### The task
Leaving out the pictures, return each line of the entries from the first through the line with "Vestido fiesta flores", and only those lines.

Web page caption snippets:
----------------

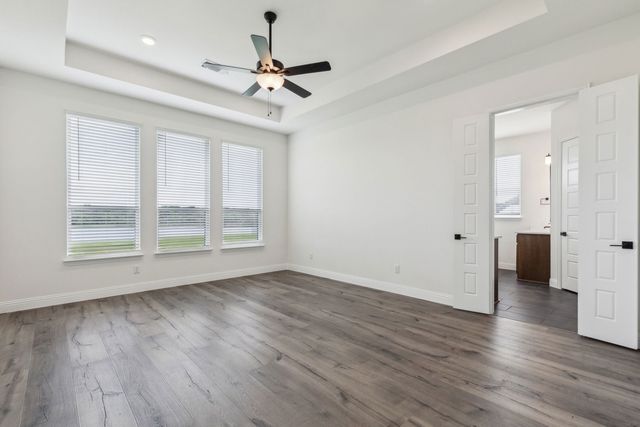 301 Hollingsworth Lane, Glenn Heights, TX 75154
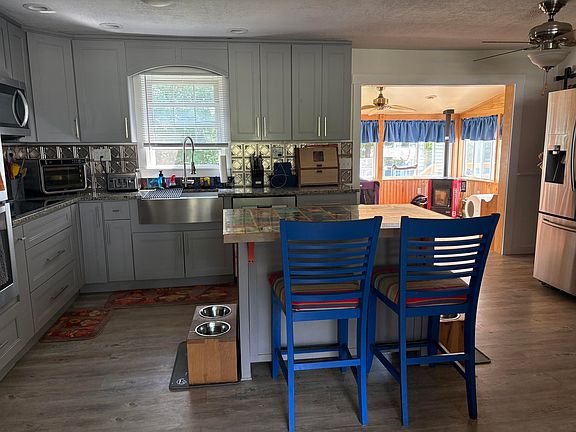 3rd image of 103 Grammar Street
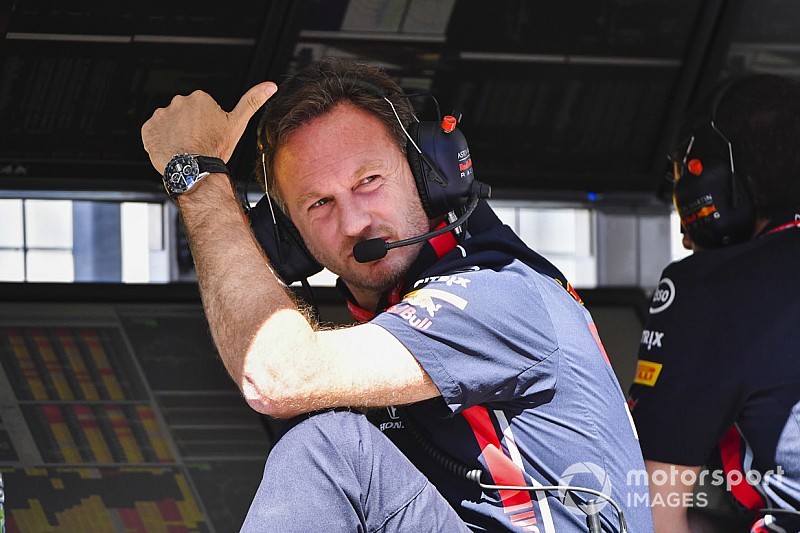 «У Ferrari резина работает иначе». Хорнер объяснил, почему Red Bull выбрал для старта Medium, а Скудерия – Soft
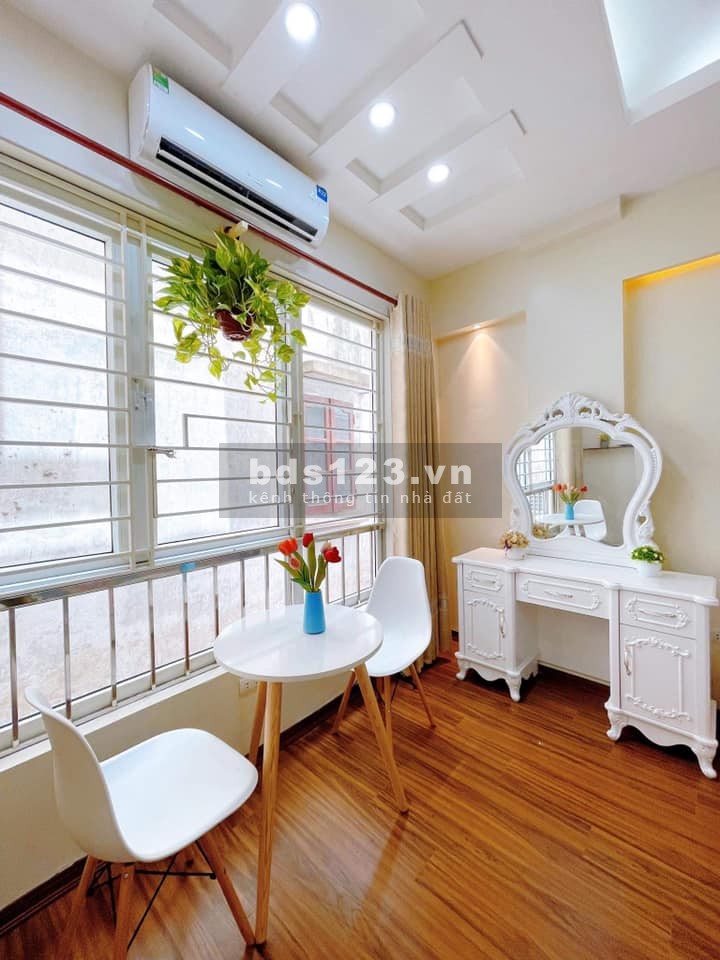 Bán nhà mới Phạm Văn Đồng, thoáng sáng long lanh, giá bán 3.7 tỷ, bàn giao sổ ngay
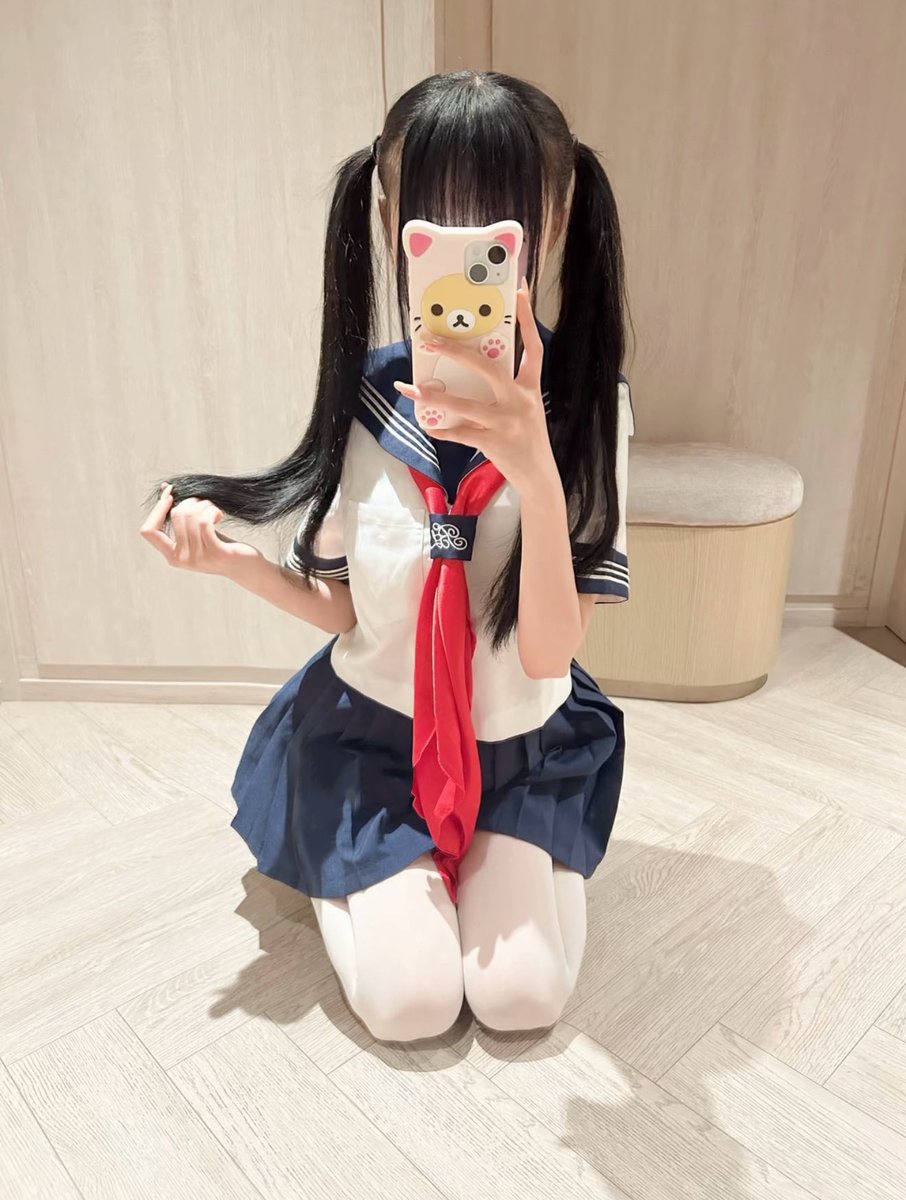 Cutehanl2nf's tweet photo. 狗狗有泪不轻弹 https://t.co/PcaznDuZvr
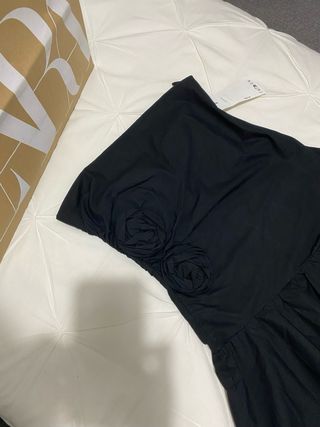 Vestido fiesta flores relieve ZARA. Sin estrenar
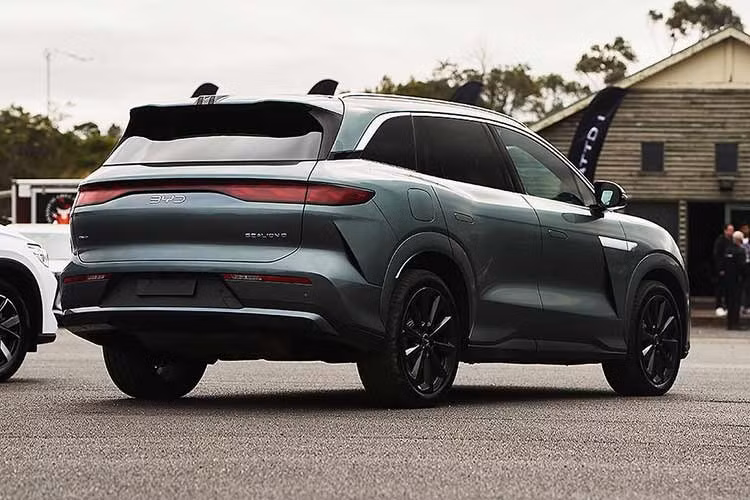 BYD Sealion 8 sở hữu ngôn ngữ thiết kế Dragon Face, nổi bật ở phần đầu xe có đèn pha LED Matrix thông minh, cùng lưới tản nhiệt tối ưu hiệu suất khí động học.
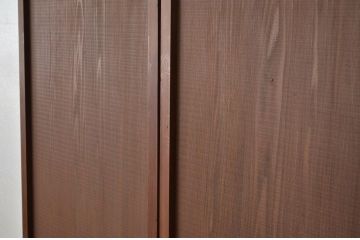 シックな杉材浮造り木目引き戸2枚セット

----------------

### Solved exercise
 301 Hollingsworth Lane, Glenn Heights, TX 75154
 3rd image of 103 Grammar Street
 «У Ferrari резина работает иначе». Хорнер объяснил, почему Red Bull выбрал для старта Medium, а Скудерия – Soft
 Bán nhà mới Phạm Văn Đồng, thoáng sáng long lanh, giá bán 3.7 tỷ, bàn giao sổ ngay
 Cutehanl2nf's tweet photo. 狗狗有泪不轻弹 https://t.co/PcaznDuZvr
 Vestido fiesta flores relieve ZARA. Sin estrenar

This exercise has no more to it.